I've debated looking for another job several times, usually on crappy days, but I still come back to I've been at this company for a long time, I know how it works, I have many of the benefits of tenure (more vacation time is one, that managers and other groups give me more of the benefit of the doubt is another), and maybe a little bit of me being "boring." I don't want to change for the sake of change and I'm happy to go to work, do something I mostly like, get paid well for it, and then go home and live my life separate from work.
Hope that gives you some insight into why someone would stay at the same employer for so long.
The longest company I worked for was one I built.
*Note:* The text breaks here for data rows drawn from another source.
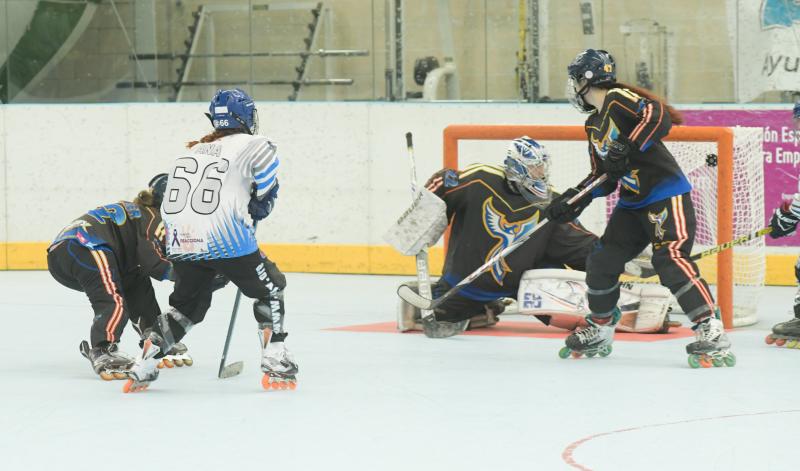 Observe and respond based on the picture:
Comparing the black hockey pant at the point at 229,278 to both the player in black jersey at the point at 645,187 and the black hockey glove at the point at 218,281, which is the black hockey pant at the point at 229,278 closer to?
the black hockey glove at the point at 218,281

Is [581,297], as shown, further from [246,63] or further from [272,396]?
[246,63]

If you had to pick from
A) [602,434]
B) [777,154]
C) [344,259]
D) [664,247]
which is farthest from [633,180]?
[344,259]

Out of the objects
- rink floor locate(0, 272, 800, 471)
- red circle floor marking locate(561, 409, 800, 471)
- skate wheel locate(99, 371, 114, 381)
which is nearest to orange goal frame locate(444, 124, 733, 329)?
rink floor locate(0, 272, 800, 471)

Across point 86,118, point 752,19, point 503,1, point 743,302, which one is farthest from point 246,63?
point 743,302

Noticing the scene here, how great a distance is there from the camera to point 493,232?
6.38 m

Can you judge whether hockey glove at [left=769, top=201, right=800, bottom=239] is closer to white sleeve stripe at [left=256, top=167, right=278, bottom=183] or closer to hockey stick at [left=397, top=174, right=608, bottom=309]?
hockey stick at [left=397, top=174, right=608, bottom=309]

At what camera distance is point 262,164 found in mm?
4645

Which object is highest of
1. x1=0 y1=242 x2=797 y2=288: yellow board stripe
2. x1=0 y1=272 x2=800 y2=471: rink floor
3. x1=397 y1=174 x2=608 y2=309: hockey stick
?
x1=397 y1=174 x2=608 y2=309: hockey stick

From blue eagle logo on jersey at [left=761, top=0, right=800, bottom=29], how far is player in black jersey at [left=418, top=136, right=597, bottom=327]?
122 inches

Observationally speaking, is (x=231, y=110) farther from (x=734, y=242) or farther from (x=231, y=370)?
(x=734, y=242)

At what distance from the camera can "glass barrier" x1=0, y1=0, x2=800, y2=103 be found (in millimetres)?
9086

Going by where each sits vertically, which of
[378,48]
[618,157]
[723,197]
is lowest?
[723,197]

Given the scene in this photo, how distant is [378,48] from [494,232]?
3.80 metres

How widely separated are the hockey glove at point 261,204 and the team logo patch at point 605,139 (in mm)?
1383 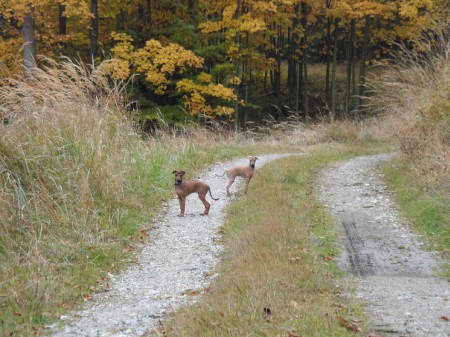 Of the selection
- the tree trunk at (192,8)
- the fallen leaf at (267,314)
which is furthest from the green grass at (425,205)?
the tree trunk at (192,8)

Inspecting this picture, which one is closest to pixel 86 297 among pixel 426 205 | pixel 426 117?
pixel 426 205

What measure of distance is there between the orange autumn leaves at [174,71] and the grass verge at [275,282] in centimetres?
1132

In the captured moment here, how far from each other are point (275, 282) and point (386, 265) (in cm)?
193

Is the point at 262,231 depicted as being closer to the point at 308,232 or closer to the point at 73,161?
the point at 308,232

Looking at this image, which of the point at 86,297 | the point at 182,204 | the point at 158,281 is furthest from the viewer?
the point at 182,204

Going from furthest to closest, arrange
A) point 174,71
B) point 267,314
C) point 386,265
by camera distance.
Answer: point 174,71 < point 386,265 < point 267,314

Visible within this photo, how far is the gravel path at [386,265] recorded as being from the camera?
15.2ft

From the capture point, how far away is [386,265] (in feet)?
21.0

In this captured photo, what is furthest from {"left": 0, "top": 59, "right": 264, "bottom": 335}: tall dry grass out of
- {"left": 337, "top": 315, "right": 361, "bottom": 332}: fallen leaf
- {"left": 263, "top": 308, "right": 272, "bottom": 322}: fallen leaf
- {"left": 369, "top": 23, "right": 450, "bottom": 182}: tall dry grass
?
{"left": 369, "top": 23, "right": 450, "bottom": 182}: tall dry grass

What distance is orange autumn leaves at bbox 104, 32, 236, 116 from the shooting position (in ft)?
62.2

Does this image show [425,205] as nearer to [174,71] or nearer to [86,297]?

And I probably should have quit earlier. ;)
I have worked with a lot of people who are primarily lifers at their company. My role has often been that of a change agent (outsider / consultant hired specifically because I’m an outsider).
One thing I have seen consistently is that the real power and influence sits with those with tenure. The older a organization the more critical tenured employees are to its operations.
Young people often think that they can gain influence or freedom to do what they enjoy by changing jobs and getting a better title, only to run into the “old guard” who refuse to accept change.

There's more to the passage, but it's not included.